Risale-i Nur'da ismi geçen Muhacir Hafız Ahmet kimdir? Hayatı hakkında kısaca bilgi verir misiniz?
Muhâcir Hâfız Ahmed (1880 - 1946)
Barla eşrâfındandır. Hazret-i Üstad’ı, Barla’yı ilk teşriflerinde bir hafta kadar evinde misâfir etti ve sekiz sene bilfiil âilesiyle beraber Üstad’a hizmet etti. Hazret-i Üstad’ın medresesinin bitişiğindeki Yokuşbaşı Mescidi’nin imamı idi. Bediüzzaman Hazretleri onu ve onun gibi sadakatle hizmetinde bulunan Sıddık Süleyman ve Mustafa Çavuş’u bir mektubunda şu ifadelerle tahsin edip övmüştür:
“Bu köy namına Cenab-ı Hak onu ve Mustafa Çavuş’u ve Muhacir Hâfız Ahmed’i ve Abdullah Çavuş’u bana ihsan etti. Ben de Cenab-ı Hakk’a şükrediyorum. Bunlar bana yüzer dost kadar kıymetdâr göründüler, vatanımı bana unutturdular. Gurbet ve misafirlik elemini bana çektirmediler. Bunların yüzünden ben, bu köyün hayatta ve vefat edenleriyle alâkadar olup; onlara her zaman dua ediyorum.” [1]

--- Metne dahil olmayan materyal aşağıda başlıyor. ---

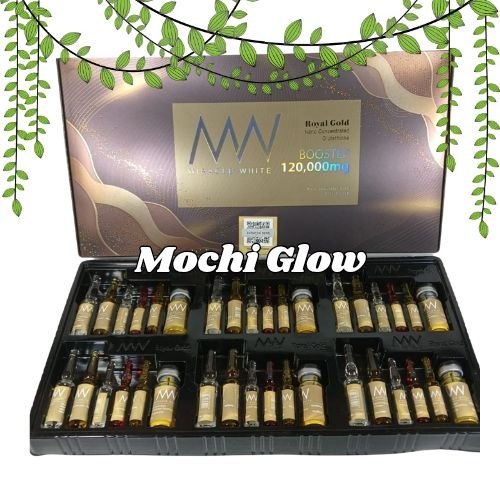 MIRACLE WHITE ROYAL GOLD ECER
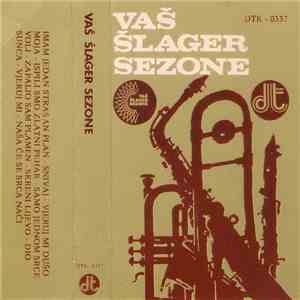 Various - Vaš Šlager Sezone FLAC
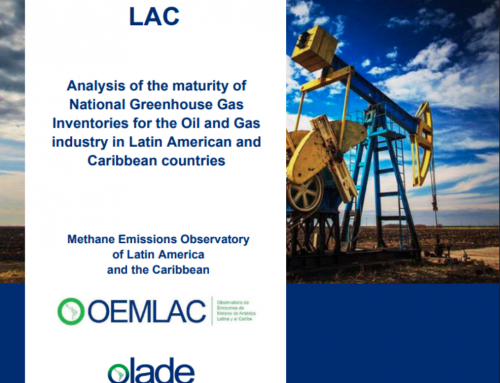 Gaps in GHG Inventories in Latin America and the Caribbean
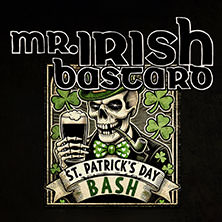 Mr. Irish Bastard - St. Patrick's Day Bash 14.03.2026 Turock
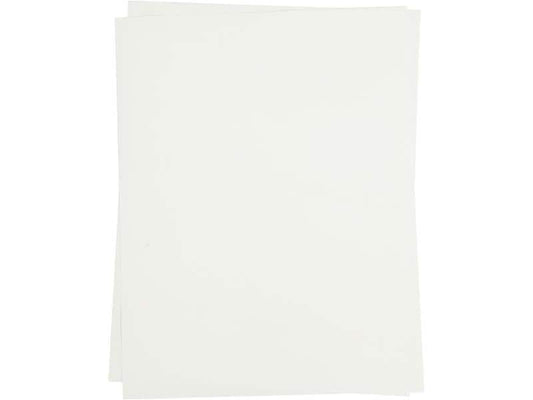 Creativ Company Film thermocollant 21.5 x 28 cm imprimable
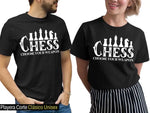 Playera de Ajedrez Chess Choose Your Weapon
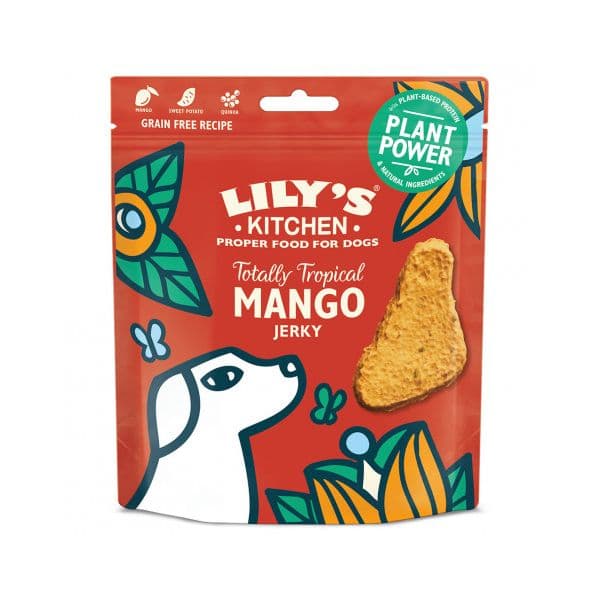 Lily's Kitchen Snacks Cão Manga 70g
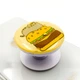 Держатель для телефона PopSocket Burger Cat glitter - изображение 1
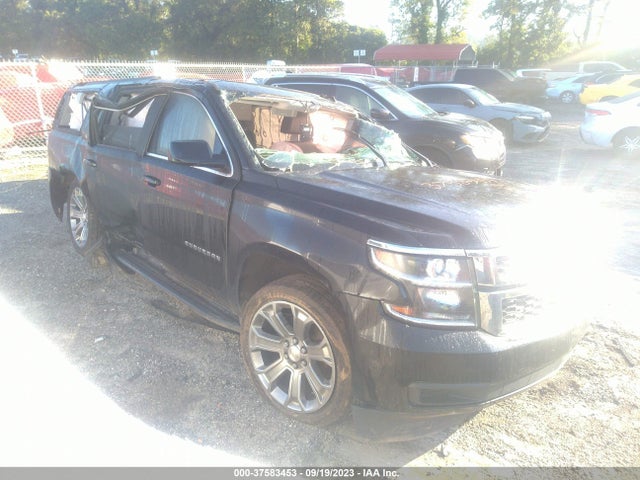 Chevrolet Suburban Lt 2020 1GNSCHKC7LR303967 Image 1
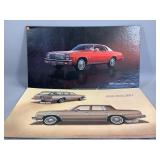 Chevy Malibu Posters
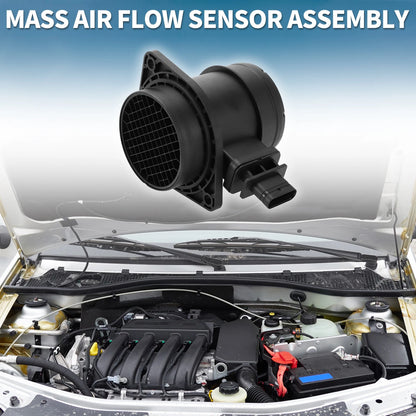 Mass Air Flow Sensor Meter Assembly for Mini Cooper (2009–2012) No. 13624557557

Muhacir Hâfız Ahmed 1946’da vefât etmiştir. Vefât haberini Şamlı Hâfız Tevfik’den alan Hazret-i Üstad ona şöyle dua etti: “Binler rahmet onun ruhuna insin. Âmîn! Kabri de hanesi gibi Kur’ân ve Nur’un bir menzili olsun. Âmîn! Şüphem kalmadı ki; bu zahir sadakat kerâmeti, Nurcuların imanla kabre gireceklerini ispat ediyor ve hüsn-ü hâtimeye mazhardırlar. Benim tarafımdan onun akrabasını tâziye ediniz ve ben bütün dualarımda onu hissedar ediyorum diye tebliğ ediniz.”[2]